After final exams, school was recreational rather than educational. The yearbooks were distributed and I made a point to sign the annuals of those with whom I had shared memorable occasions or developed worthwhile relationships. For many, the message in the yearbook was a last farewell. Some I would truly miss and remember always, even though they were not persons who had spent time with me outside of class.
Impressions were a curious phenomena. I wondered why certain moments captured my attention. . . the carnation I received on "flower day" from a junior who had taken notice of me. . . the penny retrieved from the hallway which my Spanish teacher handed to me. . . an inside joke which survived two years. . . smiles and humor and craziness. These were the ingredients of my foremost impressions, and the forerunners of memories; these fragmented images would survive outside the confines of the yearbook, and generate fleeting smiles for years to come.
Graduation was no longer the solemn promenade of grace and grandeur it had once been.
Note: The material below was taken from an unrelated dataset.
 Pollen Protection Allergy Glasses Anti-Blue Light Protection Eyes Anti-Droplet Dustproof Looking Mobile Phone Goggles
The classes were large and impersonal, and it seemed that everyone graduated whether they earned the honor or not; a classic example testifying that, where there is plenty, there is often little gratitude. We wore disposable gowns and caps, with the latter being so cheaply constructed that all four corners hung down about our heads in a mockery of pomp and circumstance, creating a group which looked like berobed court jesters.
Due to the behavior of the previous graduating class, teachers patrolled the group to assure no items such as frizbees, squirt guns and bubble blowers made it into the field house. I was relieved; while graduation had lost its magnificence, I still did not desire to take part in a circus. Aside from our appearance, the ceremony was fairly respectable. The various speakers neither rushed nor belabored their material.
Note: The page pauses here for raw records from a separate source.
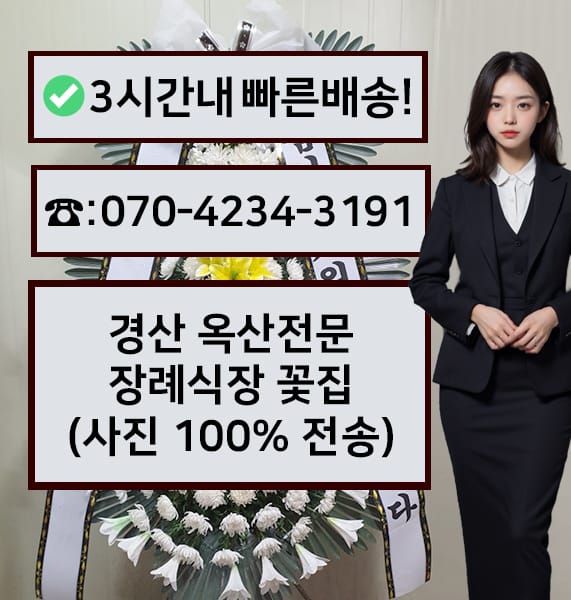 경산 옥산전문장례식장 전경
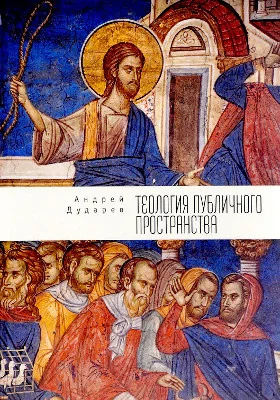 Теология публичного пространства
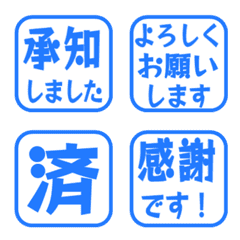 Simple Keigo Hanko 580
Row by row we stood to file toward the stage. I felt my stomach pinch. It was an orderly system; a name was called, the diploma was presented, then a hand-shake completed the scenario. My name was called. I accepted my diploma, smiling, and proceeded to the principal to receive a handshake. It was my moment. Then another name was called as I paced down the center aisle to my seat. For me, all was done. Another name echoed through the field house. . . a moment belonging to someone else.
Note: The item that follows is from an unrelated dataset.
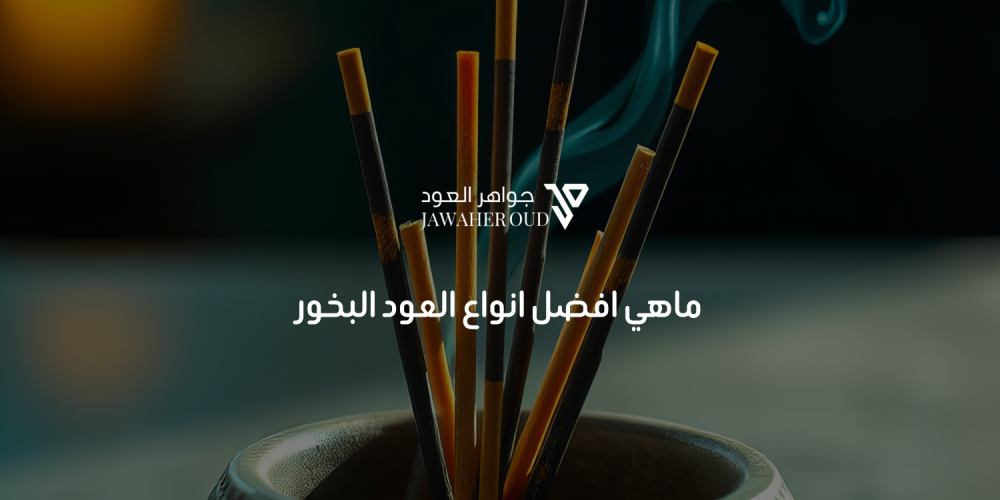 افضل انواع العود البخور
In the din and confusion following the ceremony, I found none of my closer acquaintances. The swarming mob whooped joyously, rallying about and shouting their intended destinations. I suddenly felt the aloneness I had anticipated, crashing down and separating me from the flock. What, for others, would come more gradually but perhaps more painfully as well, I experienced in an instant. Such a large crowd, and yet I knew no one! Indeed a door had closed.
I gazed at the crowd, dejected and disappointed, then resignedly found Jon. We had planned to go out for pizza and "hit a party," but since I had learned of no parties, the latter would have to be replaced by a different option.
"So you've grage-ee-ated, kid," he smiled over at me from the driver's seat.
"Yeh. . ." I replied, trying to hide my depression. "You are supposed to be having fun," the remnants of my ideal entoned. I smiled and spoke light-heartedly, almost in a reflex action, deriving solace from the fact that the night was still young.
We drove to the shopping center which housed the pizza parlor, noting that a traveling carnival shared the parking lot with the cars. My eyes brightened; I loved those things.